After a year of declining sales, tumbling share prices, and a major slide in its brand name, Target announced that Cornell’s compensation is to recede by nearly one-third, falling to $11.3 million, Reuters reported on Monday.
The reason for the cut in pay is that Cornell’s compensation is based on an incentive program. Growth for the company means growth for his take home pay. On the other hand, with the company losing billions year over year, Cornell’s incentive plan has predictably come up short.
The Target chief’s pay is based on two financial points, the company’s incentive EBIT — which makes up 75 percent of his stock component — and adjusted sales.

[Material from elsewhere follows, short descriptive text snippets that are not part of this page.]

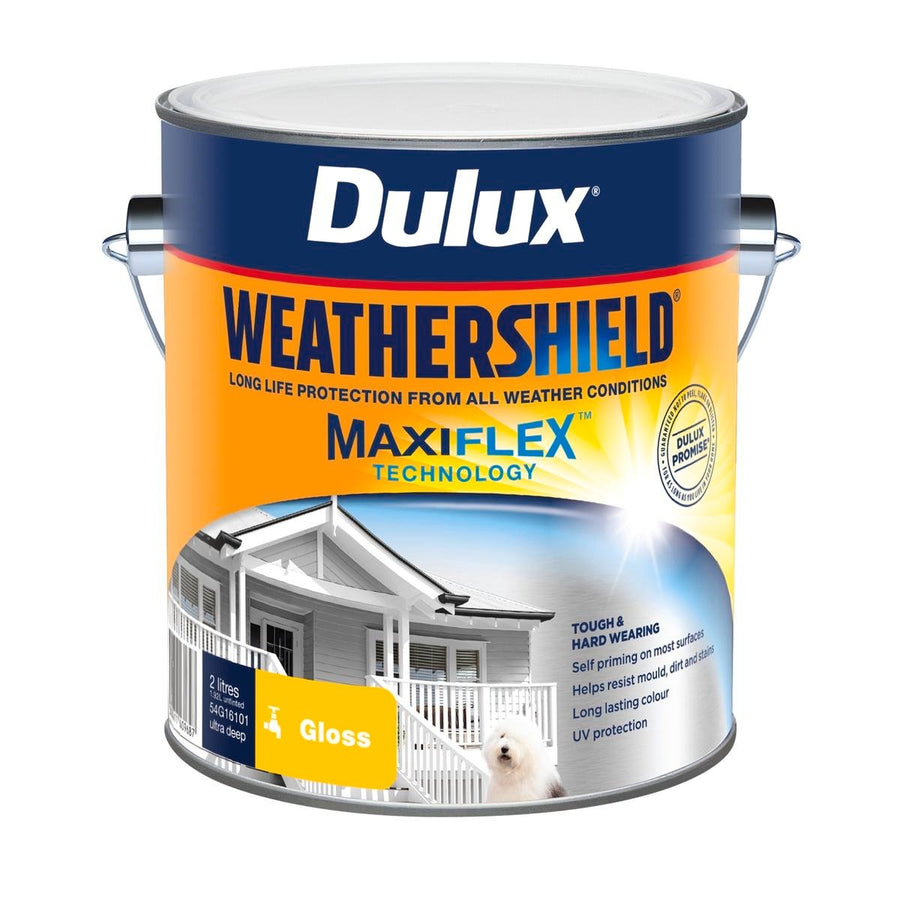 Dulux Weathershield Exterior Paint - Ultra Deep Gloss - 2L - 170mm x 163mm x 143mm - SuperSaverAU - view 1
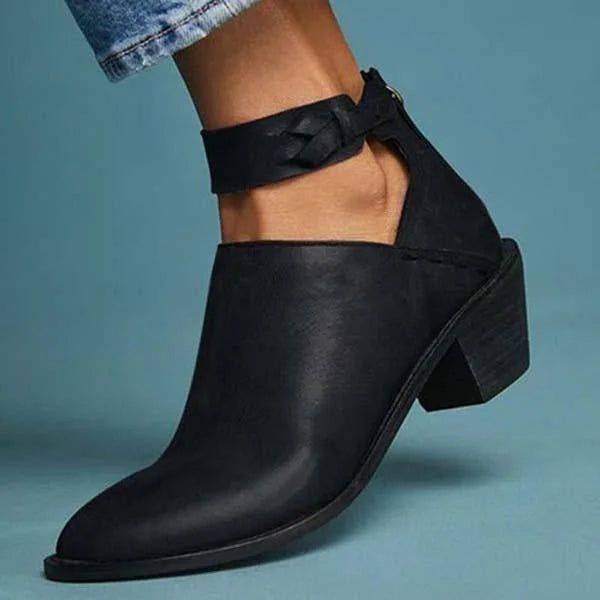 Women’s Block Heel Ankle Boots | Modern Structure with Braided Detail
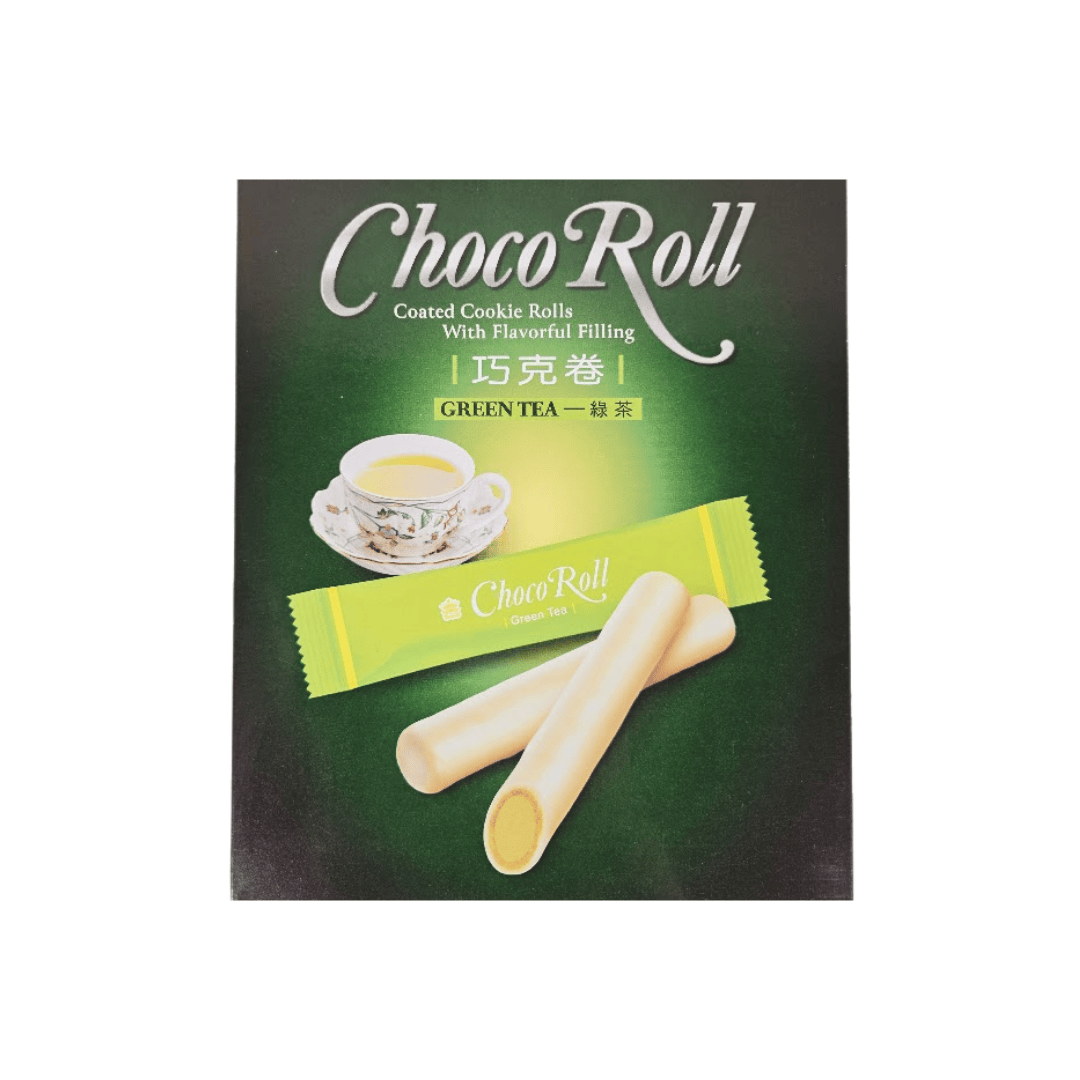 Choco Roll Green Tea with a cup of tea on a dark green background.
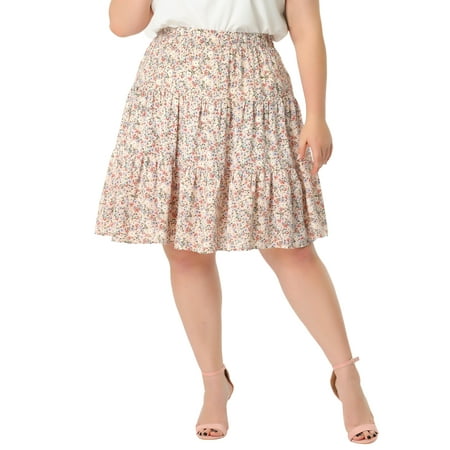 MODA NOVA Juniors Plus Size Floral Elastic High Waist Tiered Midi Skirt Pink 2X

But both have been in the dumps since last year.
As Reuters reported, “Target said it missed its 2016 Incentive EBIT goal of $5.74 billion by $623 million and fell short of its adjusted sales target of $71.62 billion by $2.13 billion.”
Financial advisor Paul McConnell insisted that the cut in Cornell’s pay was good to see. “You shouldn’t be getting rich when you are producing rotten numbers,” McConnell told Reuters.
Indeed, Target’s stock has fallen to lows not seen since 2014, the same year Cornell was hired, and is now down 10 percent, even over the price a year ago.
As of the end of trading on Monday, Target’s stock was at $55.77 a share, down from its last high of just over $87 early in 2016. The fall has continued since its sharp tumble in March of this year when the stock lost 12.2 percent in one day. And the company’s stock had already lost 24 percent over the previous three months at that time.
Despite major losses over the last year, Target has continued to claim it is doing just fine and that its plans for the future will bring it back from the ledge.